The "endgame improvement" update, let's call it Title Update 2.5, rolled out earlier this week alongside another 20% off sale. Capcom was clearly hoping for a win. I waited until Sunday to see how the patient was doing. The diagnosis is grim. One look at the Steam chart should be enough to send Ryozo Tsujimoto into a panic room.

The update and the discount did manage to lure some players back, but it seems they didn't stick around for the party. The numbers are already bleeding out. In less than a week, during the prime gaming time of a weekend, the players who came back are already leaving. From Saturday to Sunday's peak alone, the concurrent player count dropped by 4,000. While the game may be faring better on consoles, the data we have for Steam is damning. It appears that less than half of the people who returned for the last major update, TU2, even bothered to show up for this one.

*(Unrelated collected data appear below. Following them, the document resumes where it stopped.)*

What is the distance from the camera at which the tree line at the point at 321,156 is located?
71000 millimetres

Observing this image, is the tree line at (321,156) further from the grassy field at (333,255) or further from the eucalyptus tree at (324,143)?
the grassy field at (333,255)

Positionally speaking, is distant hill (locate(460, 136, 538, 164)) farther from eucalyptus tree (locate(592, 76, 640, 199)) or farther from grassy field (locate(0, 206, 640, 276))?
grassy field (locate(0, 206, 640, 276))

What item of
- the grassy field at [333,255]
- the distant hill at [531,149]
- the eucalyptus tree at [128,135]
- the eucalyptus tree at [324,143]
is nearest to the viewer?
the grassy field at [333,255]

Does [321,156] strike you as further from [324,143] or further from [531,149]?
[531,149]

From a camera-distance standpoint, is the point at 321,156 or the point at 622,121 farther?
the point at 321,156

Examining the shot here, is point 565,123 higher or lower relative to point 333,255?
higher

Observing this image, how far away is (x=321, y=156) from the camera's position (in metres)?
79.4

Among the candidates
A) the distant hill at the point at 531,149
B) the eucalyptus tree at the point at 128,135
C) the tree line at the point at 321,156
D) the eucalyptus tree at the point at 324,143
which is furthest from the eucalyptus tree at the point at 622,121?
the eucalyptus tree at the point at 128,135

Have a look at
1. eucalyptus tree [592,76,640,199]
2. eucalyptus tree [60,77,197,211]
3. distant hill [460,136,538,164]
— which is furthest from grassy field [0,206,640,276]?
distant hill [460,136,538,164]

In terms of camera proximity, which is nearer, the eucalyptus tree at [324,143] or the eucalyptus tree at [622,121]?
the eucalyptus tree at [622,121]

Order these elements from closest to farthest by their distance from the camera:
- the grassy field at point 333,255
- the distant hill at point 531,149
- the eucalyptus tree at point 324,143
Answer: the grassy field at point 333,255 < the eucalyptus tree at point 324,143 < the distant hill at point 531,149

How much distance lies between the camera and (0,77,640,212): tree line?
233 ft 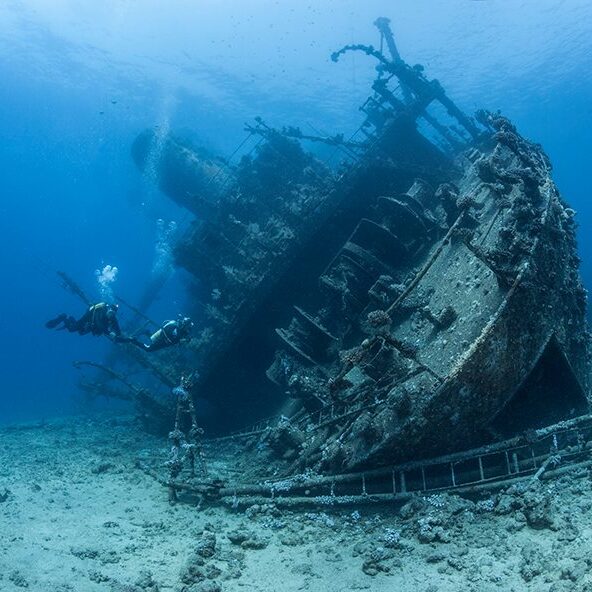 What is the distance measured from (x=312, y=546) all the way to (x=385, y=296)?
5.10 metres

The sales data tells a similar story. Despite ranking number two on the Most Wishlisted chart and enjoying a 20% discount, the game struggled to make a real impact. The highest I saw it on the Top Sellers list this week was a paltry 48, and this wasn't a particularly busy week for new releases, just some sales for decent games. That negative 46.97% total review score has become a permanent "wait for half price" tag that no minor sale can fix.

So why the low interest? Because TU2.5 doesn't fix the core problems. The actual content of the update is exactly the kind of shallow padding I've written about before. The "new" endgame is the same tired loop, a frustrating RNG grind designed only to keep you on the treadmill. Increasing a monster's stats as difficulty is a crutch you can only use once or twice, before the players get tired of fighting the same handful of monsters. You can't fix a broken foundation by adding a new coat of paint, and players can feel it.

In this month's director's letter, Capcom was finally forced to acknowledge the elephant in the room: the severe and persistent performance problems on PC. Their grand solution? They aim to release a "fix" with the winter update, since you know, all their "fixes" has worked out so well. Lets take a moment to let that sink in. A major, game-breaking problem that has been complained about since the beta will only supposedly be fixed 8 to 9 months after the game's release. Maybe the game should have had at least another year in the oven. It might not have fixed the flawed fundamentals, but perhaps it would have launched with more content and a stable framerate. But that would get in the way of the fiscal report, wouldn't it, Capcom?

The Verdict

This brings us to the verdict. Like I've been saying, Monster Hunter Wilds, their most profitable, flagship, MTX money printer, was shamelessly reduced to just a vehicle for their consecutive yearly profit records ride. The difference is, now they've burned nearly every bridge they've passed, and the car smells so much like a dumpster fire that even their investors have noticed.